Background: Ibuprofen is preferred to indomethacin for treatment of a significant patent ductus arteriosus (PDA) in preterm babies despite indomethacin being associated with a lower risk of intraventricular haemorrhage. This difference is thought to relate to the discrepant effects of each medication on cerebral oxygen kinetics yet the effect of ibuprofen on cerebral perfusion is uncertain.

Methods: Forty-eight babies < 30 weeks with a significant PDA, defined by echocardiography, were randomly assigned to either indomethacin or ibuprofen (n = 24 per group) and stratified by gestation and chronologic age. Cerebral blood flow [total internal carotid blood flow (TICF)] and oxygen physiology [oxygen delivery (modCerbDO2) and consumption (modCerbVO2)] were measured using cranial Doppler ultrasound and near-infrared spectroscopy, and cerebral oxygen extraction (cFTOE) calculated, immediately before and following administration. Temporal and treatment related changes were analysed.
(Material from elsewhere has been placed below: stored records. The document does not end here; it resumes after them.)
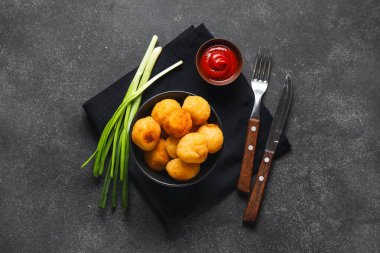 Koyu arkaplanda kızarmış patates topları ve domates sosu olan bir kase.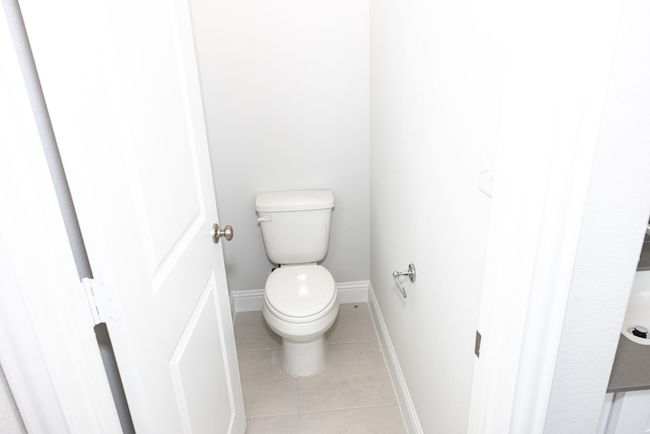 Bathroom with tile patterned flooring and toilet | Image 14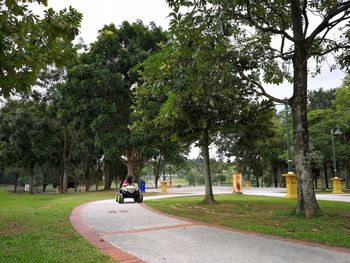 Girl riding beach buggy on footpath at park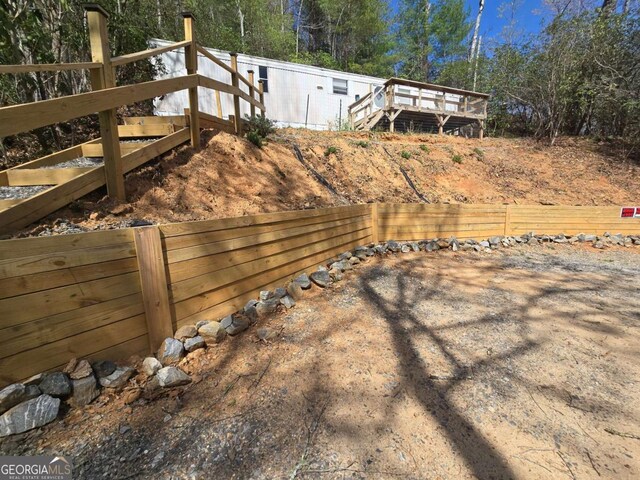 1467 Creek Rd, Hiawassee, GA 30546 - view of yard with a deck
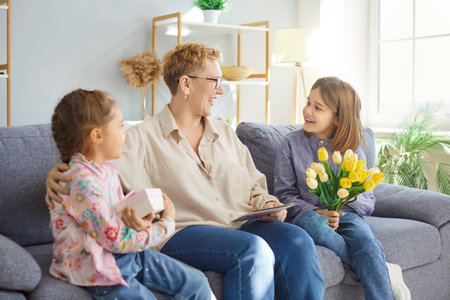Happy grandchildren giving greeting card, present box and flowers bouquet to senior elderly...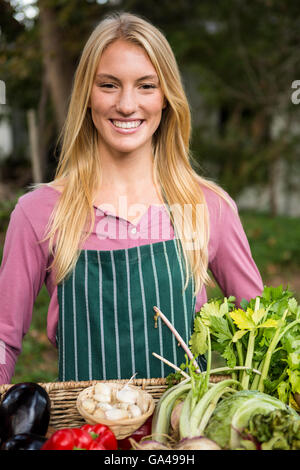 Ritratto di felice giardiniere con verdure fresche in cesto in giardino Foto Stock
Results: A fixed effect of time was seen for TICF (p = 0.03) and therefore modCerbDO2 (p = 0.046) and cFTOE (p = 0.04) for indomethacin alone. In the indomethacin group, TICF and modCerbDO2 fell from baseline to 5 and 30 min respectively (TICF p < 0.01, cDO2 p = 0.01) before increasing from 5 min to 24 h (p < 0.01) and 30 min and 24 h (p < 0.01) timepoints. cFTOE peaked at 30 min (p = 0.02) returning to baseline at 24 h. There was a parallel increase in arterial lactate.

Conclusion: Indomethacin significantly reduces cerebral blood flow soon after administration, resulting in a parallel increase in oxygen extraction and arterial lactate. This implies that the balance of oxygen kinetics at the time of treatment may be critical in very preterm babies with significant PDA.

Introduction

Management of a patent ductus arteriosus (PDA) in preterm babies remains contentious with treatment approaches varying between centres and individual clinicians. The Cochrane systematic review of the comparative effectiveness of the two commonly used NSAIDs, indomethacin and ibuprofen, concludes that both medications are equally efficacious when used for ductal closure (1) though ibuprofen results in fewer side effects. Unfortunately however, neither medication appears to advantageously alter long term outcome (2, 3). Moreover, there is recent trial evidence showing that a conservative compared with an active management approach to ductal closure does not adversely alter either mortality or morbidity, creating further clinical uncertainty (4).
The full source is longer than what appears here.